We declare we have no competing interests.

Figures

**Figure 1.**
Examples of secondary cell wall pattern types. From left to right: annular (cyan), helical (yellow), reticulate (orange), scalariform (red), opposite-pitted (purple) and alternate-pitted (blue).

**Figure 2.**
Systems to study cell wall patterns. (a) Hormones and hormone-related molecules can induce xylem transdifferentiation. (b) Adding dexamethasone to the VND6/7-glucocorticoid receptor (GR) systems induces metaxylem (VND6) and protoxylem (VND7; image from A. *thaliana* hypocotyl cell) formation.

**Figure 3.**
Drivers of xylem cell wall patterns. (a) ROP domains formation in the presence of a primary wall-like microtubule cytoskeleton.
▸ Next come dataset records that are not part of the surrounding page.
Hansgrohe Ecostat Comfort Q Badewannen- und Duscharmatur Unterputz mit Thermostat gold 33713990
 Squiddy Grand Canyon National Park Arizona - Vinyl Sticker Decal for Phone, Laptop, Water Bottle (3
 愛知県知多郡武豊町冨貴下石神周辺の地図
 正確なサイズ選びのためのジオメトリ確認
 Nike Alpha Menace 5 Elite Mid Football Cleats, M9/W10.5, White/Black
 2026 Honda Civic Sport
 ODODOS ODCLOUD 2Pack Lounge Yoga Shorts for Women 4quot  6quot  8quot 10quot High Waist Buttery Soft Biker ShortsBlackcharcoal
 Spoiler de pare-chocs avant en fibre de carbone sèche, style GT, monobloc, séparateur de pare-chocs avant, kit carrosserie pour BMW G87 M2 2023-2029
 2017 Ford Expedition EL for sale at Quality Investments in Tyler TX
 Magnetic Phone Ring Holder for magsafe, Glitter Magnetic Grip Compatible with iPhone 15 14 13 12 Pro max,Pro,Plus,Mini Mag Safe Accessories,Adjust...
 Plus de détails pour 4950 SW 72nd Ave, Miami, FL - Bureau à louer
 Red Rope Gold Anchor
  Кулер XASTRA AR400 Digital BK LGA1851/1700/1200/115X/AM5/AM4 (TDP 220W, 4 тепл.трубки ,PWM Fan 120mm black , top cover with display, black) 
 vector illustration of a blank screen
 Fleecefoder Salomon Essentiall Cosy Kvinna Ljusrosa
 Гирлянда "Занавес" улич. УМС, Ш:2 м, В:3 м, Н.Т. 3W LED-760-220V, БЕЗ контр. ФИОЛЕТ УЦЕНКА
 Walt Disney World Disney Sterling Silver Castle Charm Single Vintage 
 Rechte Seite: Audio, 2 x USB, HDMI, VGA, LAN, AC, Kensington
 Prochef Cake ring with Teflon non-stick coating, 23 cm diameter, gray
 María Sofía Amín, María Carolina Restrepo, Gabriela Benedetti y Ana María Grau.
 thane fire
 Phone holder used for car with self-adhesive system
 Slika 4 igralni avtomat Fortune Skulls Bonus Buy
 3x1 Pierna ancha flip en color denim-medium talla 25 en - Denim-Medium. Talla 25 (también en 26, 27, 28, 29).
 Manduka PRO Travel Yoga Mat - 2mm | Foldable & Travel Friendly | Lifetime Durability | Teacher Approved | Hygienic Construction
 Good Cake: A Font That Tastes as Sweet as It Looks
Microtubule ends are targeted in the active ROP domains, while microtubules remain unperturbed outside the ROP domains. (b) Active ROP domains are shaped in a microtubule-dependent manner. (c) SCW synthesis machinery (CESA complexes) is recruited. (d) Patterned deposition of SCW material.

**Figure 4.**
A schematic model of regulation of secondary cell wall development in metaxylem vessels. Light green domains (ovals) indicate plasma membrane domains marked with activated ROP11. Double arrowheads indicate interactions. Red arrows indicate promotion of bundling and/or polymerization. Light blue bars indicate elimination of microtubules or activated ROPs.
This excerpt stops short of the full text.